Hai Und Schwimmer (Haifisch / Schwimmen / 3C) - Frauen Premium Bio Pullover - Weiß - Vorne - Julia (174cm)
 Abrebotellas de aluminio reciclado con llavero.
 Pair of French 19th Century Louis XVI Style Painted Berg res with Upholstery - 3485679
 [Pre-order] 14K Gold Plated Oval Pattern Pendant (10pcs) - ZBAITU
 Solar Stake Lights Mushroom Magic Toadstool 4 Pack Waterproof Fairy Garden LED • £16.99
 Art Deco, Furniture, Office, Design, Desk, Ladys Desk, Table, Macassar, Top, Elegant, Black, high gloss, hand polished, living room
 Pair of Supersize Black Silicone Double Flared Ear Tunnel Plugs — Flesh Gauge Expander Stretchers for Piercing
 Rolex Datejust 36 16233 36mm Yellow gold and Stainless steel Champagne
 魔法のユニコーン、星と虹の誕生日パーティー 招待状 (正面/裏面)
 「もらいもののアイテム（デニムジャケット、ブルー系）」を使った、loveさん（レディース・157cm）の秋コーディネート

### What to work on
The listing above needs to be retyped. Reproduce every line exactly.

### Output
Hai Und Schwimmer (Haifisch / Schwimmen / 3C) - Frauen Premium Bio Pullover - Weiß - Vorne - Julia (174cm)
 Abrebotellas de aluminio reciclado con llavero.
 Pair of French 19th Century Louis XVI Style Painted Berg res with Upholstery - 3485679
 [Pre-order] 14K Gold Plated Oval Pattern Pendant (10pcs) - ZBAITU
 Solar Stake Lights Mushroom Magic Toadstool 4 Pack Waterproof Fairy Garden LED • £16.99
 Art Deco, Furniture, Office, Design, Desk, Ladys Desk, Table, Macassar, Top, Elegant, Black, high gloss, hand polished, living room
 Pair of Supersize Black Silicone Double Flared Ear Tunnel Plugs — Flesh Gauge Expander Stretchers for Piercing
 Rolex Datejust 36 16233 36mm Yellow gold and Stainless steel Champagne
 魔法のユニコーン、星と虹の誕生日パーティー 招待状 (正面/裏面)
 「もらいもののアイテム（デニムジャケット、ブルー系）」を使った、loveさん（レディース・157cm）の秋コーディネート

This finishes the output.